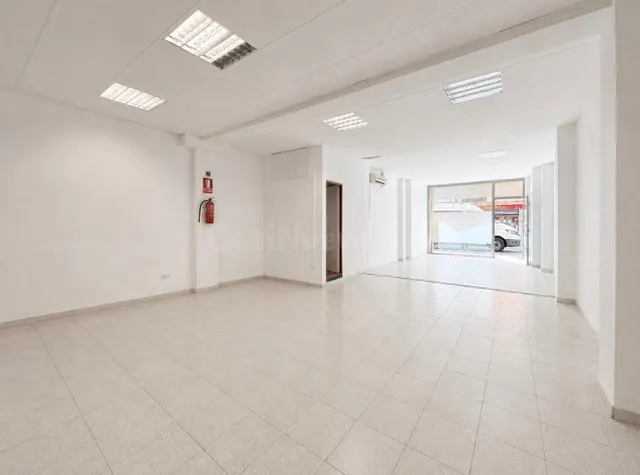 Local comercial diafano en Rafal vell - Palma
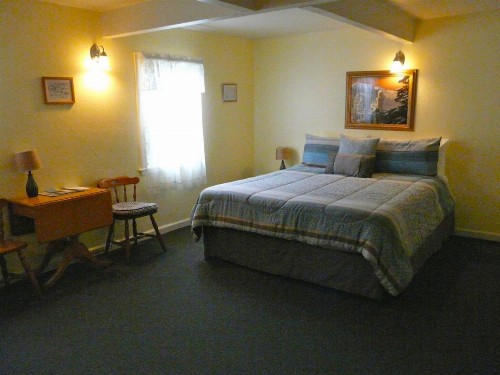 Harbor Inn - image 11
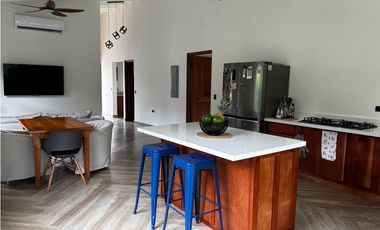 LOS SANTOS / PEDASI / 543M / 2 HABITACION / TERRAZA / CASA GARBI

◇ ◇ ◇ ◇ ◇

REQUIRED WORK
Return the full material word for word. Do not include the pictures.

RESPONSE
 Local comercial diafano en Rafal vell - Palma
 Harbor Inn - image 11
 LOS SANTOS / PEDASI / 543M / 2 HABITACION / TERRAZA / CASA GARBI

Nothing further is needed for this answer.